• [Task to carry out]: The required output is the lines below from the line containing "A sick individual" to the line containing "Banc vide sur", inclusive, retyped exactly. No other lines belong in it.

• [Source information]:
◆ ◆ ◆
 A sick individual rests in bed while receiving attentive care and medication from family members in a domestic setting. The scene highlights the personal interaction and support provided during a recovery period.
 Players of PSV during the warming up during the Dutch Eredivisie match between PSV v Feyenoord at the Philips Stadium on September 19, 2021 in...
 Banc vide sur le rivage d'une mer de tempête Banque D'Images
◆ ◆ ◆
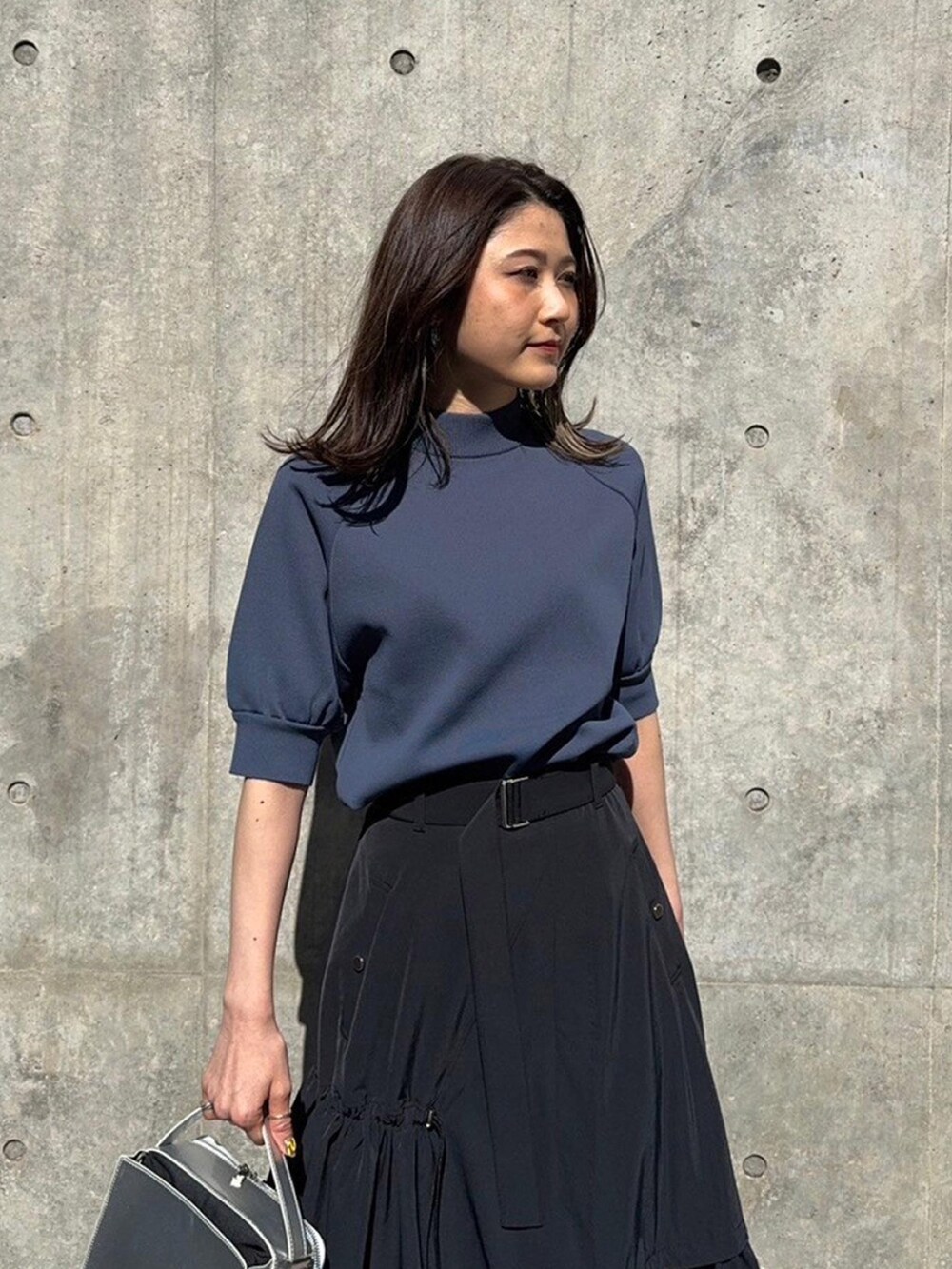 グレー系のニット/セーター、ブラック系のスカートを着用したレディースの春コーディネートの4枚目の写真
◆ ◆ ◆
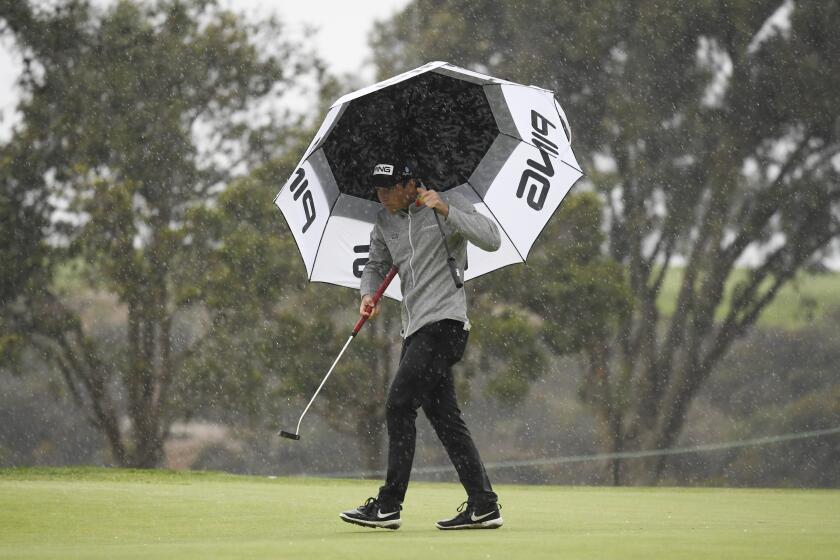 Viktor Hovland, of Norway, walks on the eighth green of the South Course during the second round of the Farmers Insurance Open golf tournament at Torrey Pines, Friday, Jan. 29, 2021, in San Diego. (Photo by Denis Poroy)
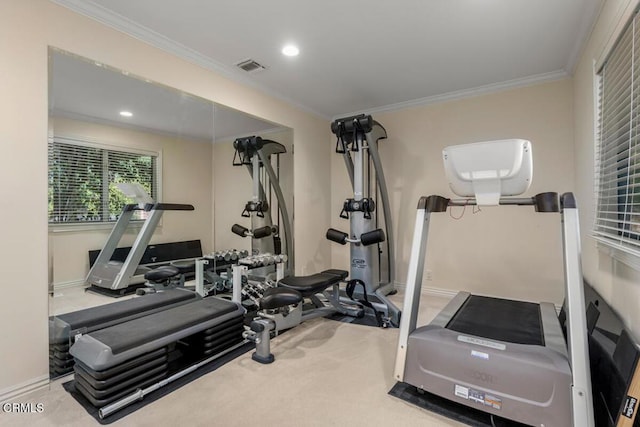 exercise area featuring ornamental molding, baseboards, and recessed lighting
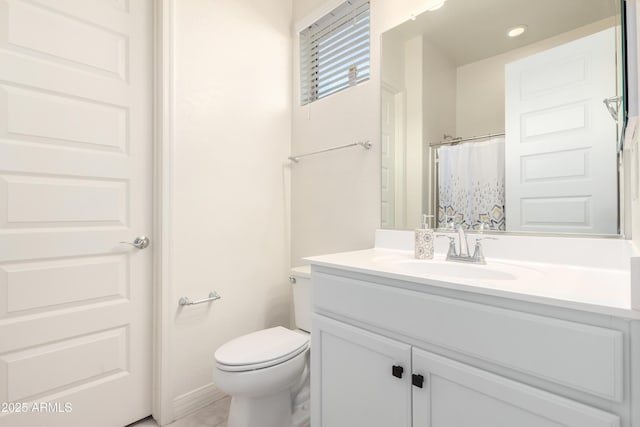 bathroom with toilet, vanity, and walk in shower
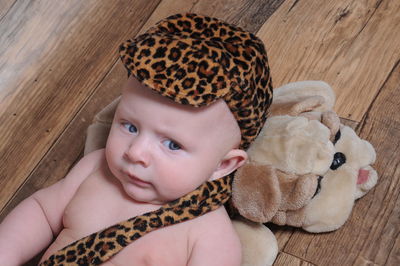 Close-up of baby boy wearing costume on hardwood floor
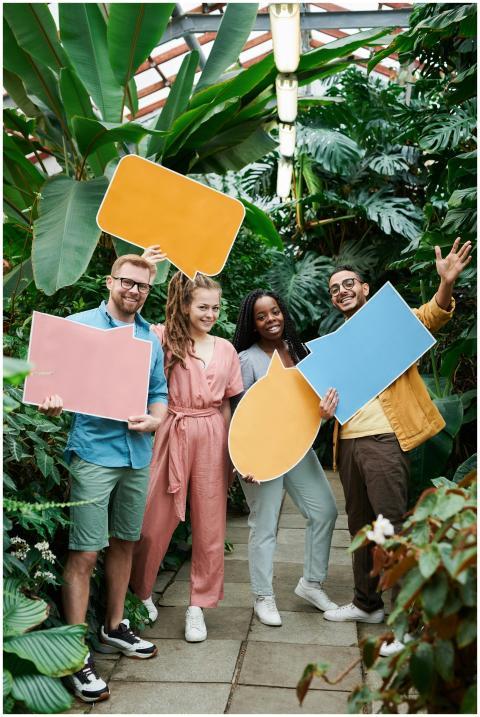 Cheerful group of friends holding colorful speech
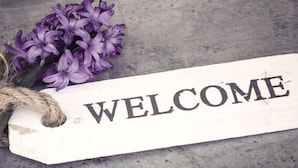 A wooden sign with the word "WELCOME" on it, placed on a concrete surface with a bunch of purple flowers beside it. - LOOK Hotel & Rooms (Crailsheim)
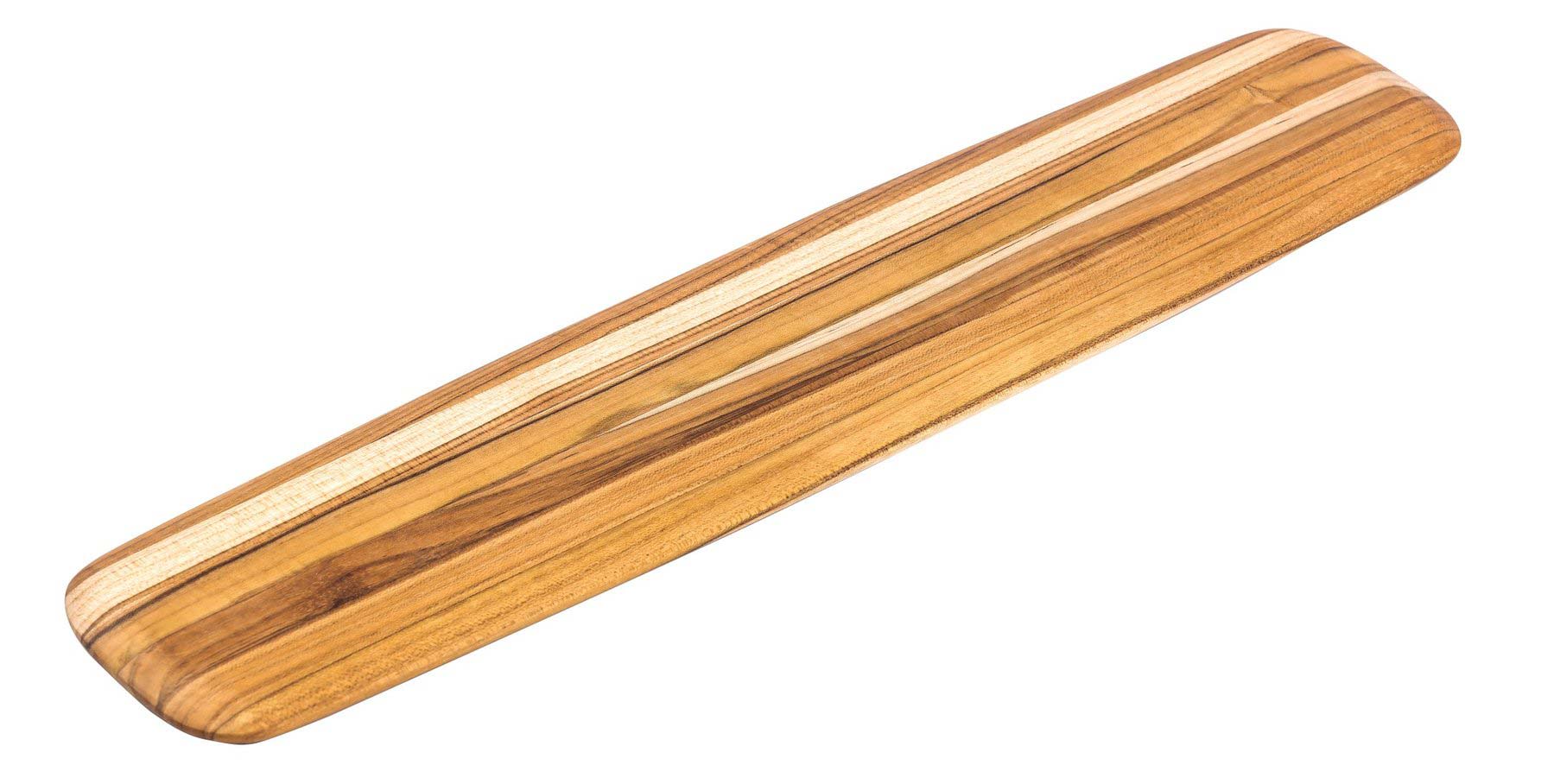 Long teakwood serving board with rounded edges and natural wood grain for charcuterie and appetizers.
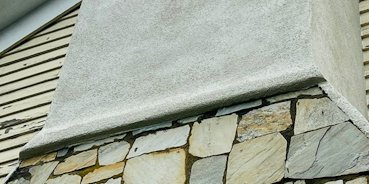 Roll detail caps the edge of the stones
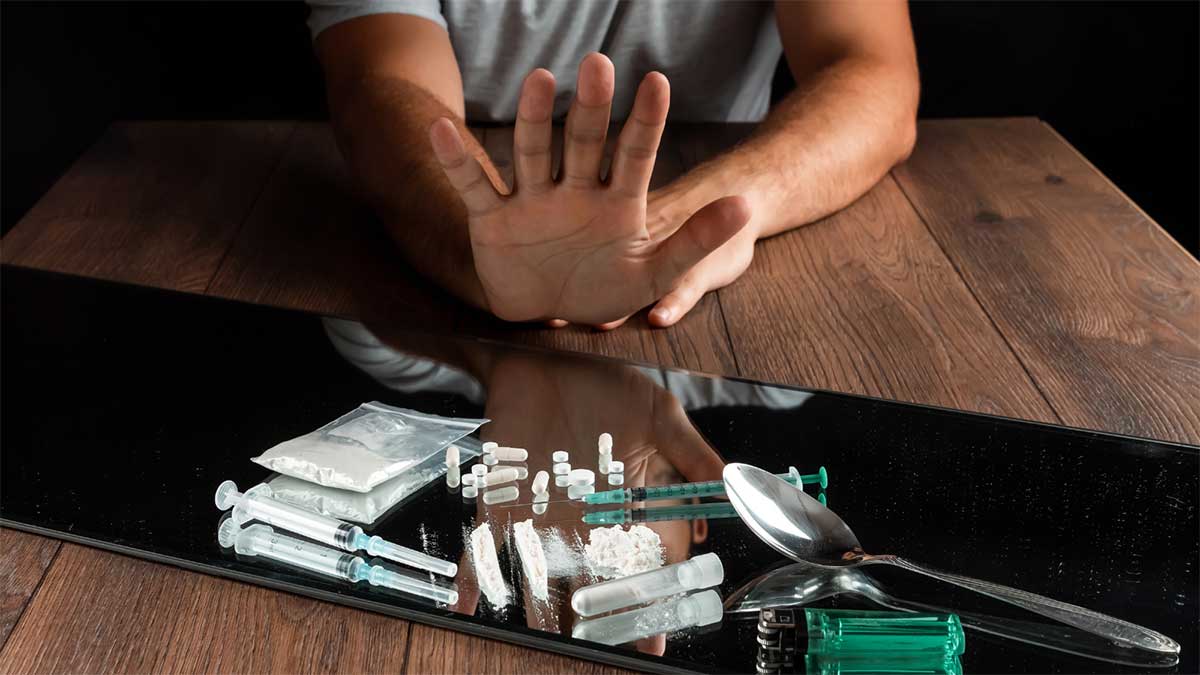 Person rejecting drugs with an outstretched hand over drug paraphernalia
◆ ◆ ◆
• [Solution for this exercise]:
 A sick individual rests in bed while receiving attentive care and medication from family members in a domestic setting. The scene highlights the personal interaction and support provided during a recovery period.
 Players of PSV during the warming up during the Dutch Eredivisie match between PSV v Feyenoord at the Philips Stadium on September 19, 2021 in...
 Banc vide sur le rivage d'une mer de tempête Banque D'Images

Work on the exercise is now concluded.